Methodology: Unit tests and easy maintenance are as important as the implemting of functionality. With Single Use/Single Development software the goal is simply to get the functionality working and pass acceptance test. With continuous development software, functionality added today will likely be as waste of time without easy maintenance and unit tests. The code will soon be dropped by a subsequence developer if they cannot understand the code or did not even know the functionality was ever there.

Spaning Lifecycles.

Agile really only came into existence with the agile manifesto in 2001.  Prior to that, waterfall was the most followed approach.  That there are today so many continuous development projects mean some teams and projects move from one development lifecycle to another.

A large bank, may have their own internal website and//or mobile apps now developed as continuous development projects, but there internal banking systems developed as traditional waterfall with the external management giving comfort.

The Impact of Lifecycle on Development.

A continuous development lifecycle requires agile developers in place of waterfall programmers, analysts and project managers, and at least compare to waterfall programmers, this is a greater skill set which can result in a more expensive team.

Further, to reach a given milestone, more effort is generally required.  It takes longer to write concise readable code than just get a solution working.

However, a team developing as a project a series fixed developments for each release will tend to plateaux – with new releases failing to be seen as a step forward, as the less readable code is continually replaced from scratch.  This leaves developers starting again over and over rather than standing on the shoulders of others, and not being able to reach the same heights.

Of course, continuous development without sufficiently readable code will have the same plateaux effect.

Conclusion: its all about the Spec and Tests

The role of the spec.

The form of the spec determines the lifecycle, which in turn determines the suitable development methodology.

  • Single use software often has a spec which simply lives in the authors mind.
  • Single Development software typically has a well formed and detailed spec, and the agreement of that spec, and a timeframe and/or cost to deliver that spec may be the basis on which the development project is launched.
  • Agile Developments have an ever evolving spec, and with continuous development projects, sometimes even evolving requirements.

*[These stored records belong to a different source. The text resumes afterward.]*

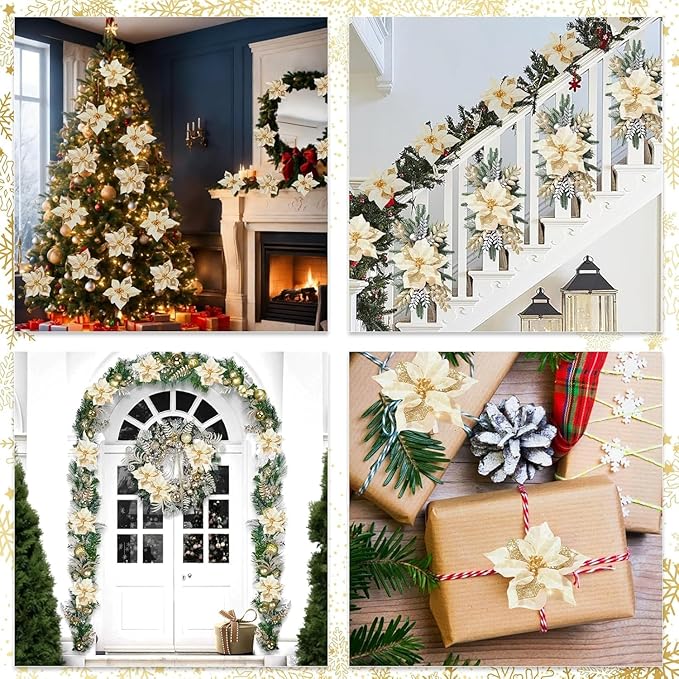 24 Pcs Christmas Poinsettia Flowers Artificial with Clips, 5.9" Christmas Decor Glitter Poinsettia Flowers for Christmas Tree New Year Wedding Party Wreath DIY Garland Decor (Gold)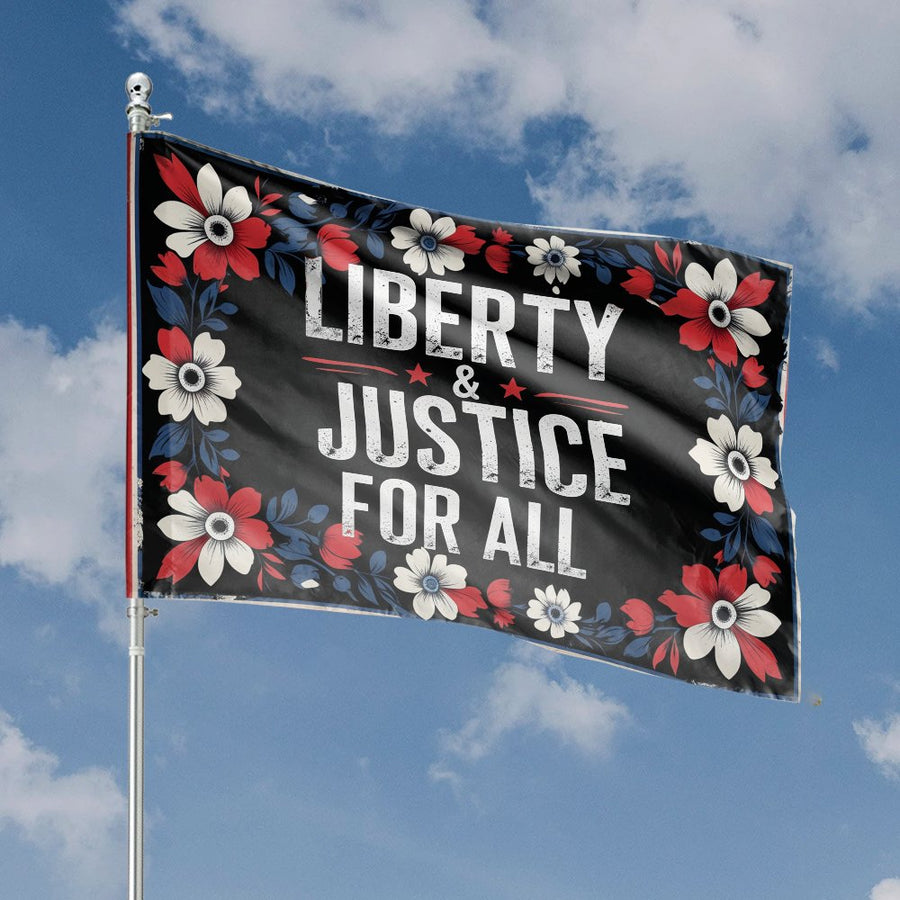 Liberty & Justice For All House Flag | Patriotic Floral Garden Decor | Weather-Resistant Polyester | Memorial Day Fourth of July Gift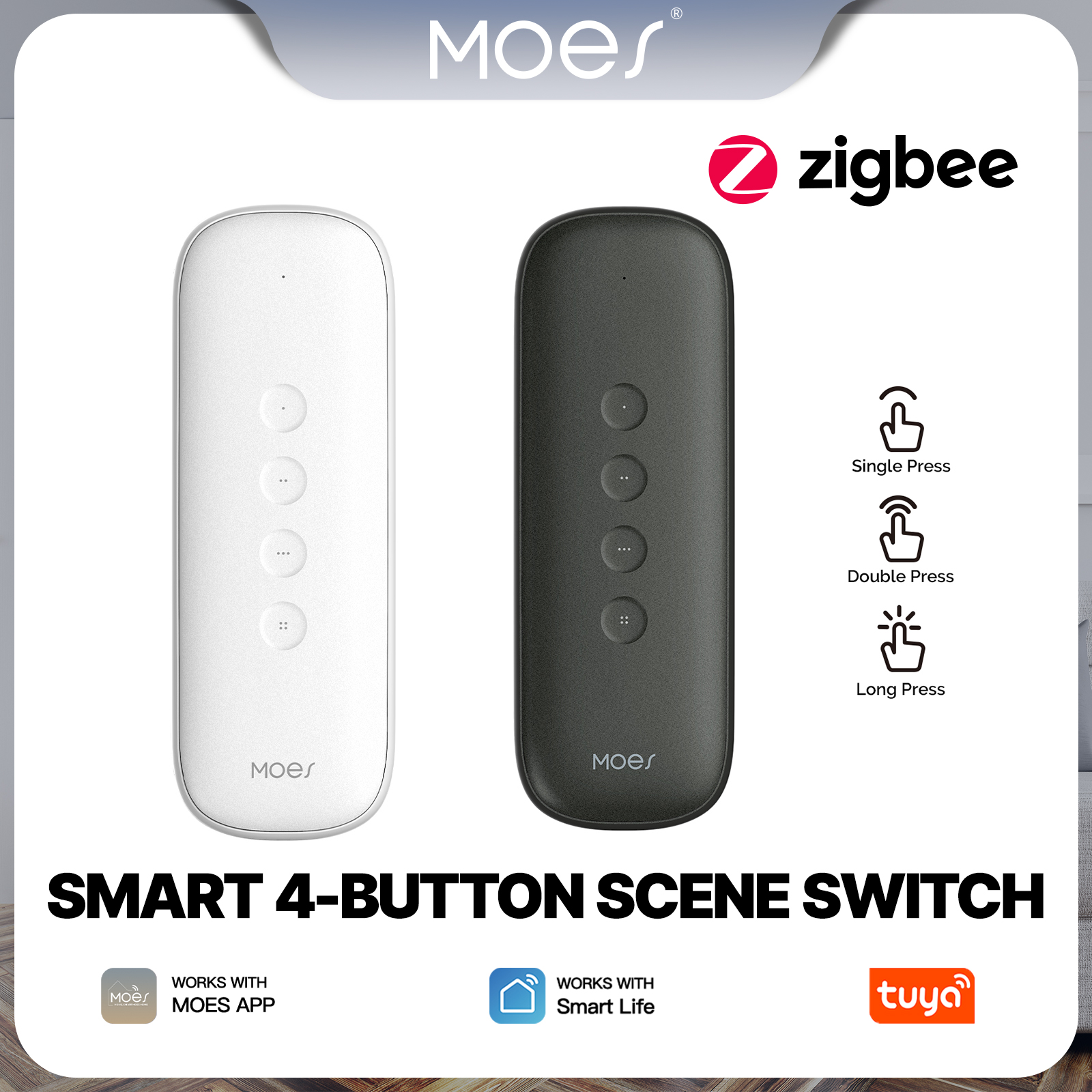 Diy Electronics Button - MOES Tuya ZigBee Smart 4-Button Scene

Single use/development software is coded to a fixed spec, which is optimised more for waterfall, while coding to an evolving spec requires agile.

The software is ‘complete’ when final tests are met.

The Role of Tests

The reality is, in all cases, the tests become specification of the actual system.  The tests represent what the system is measured to deliver, and the spec documents are relegated to ‘design goals’.   Think of a car developed with to a specification, the car engine should develop 100kiloWatts of power. Once the car is developed, the real output is measured, and that goes on the specification.  The original ‘spec’ is now considered a design goal.  You set out to build a bookcase, and want it 1 meter wide.  But the real ‘width’ spec is determined by measuring, not by what the goal was.

If software was developed under contract, then the contract is paid once acceptance tests are passed.  If a feature was in the ‘spec’ but not in the acceptance test, then it may not be in the software.  The spec was really a design document for both the code and the tests.  But in the end, what is measured is the real specification.

The key point is that if a feature is not included in testing, it may not be in the system.  With continuous development, if a feature is not included in tests, it may not stay in the system even if it was there at one time.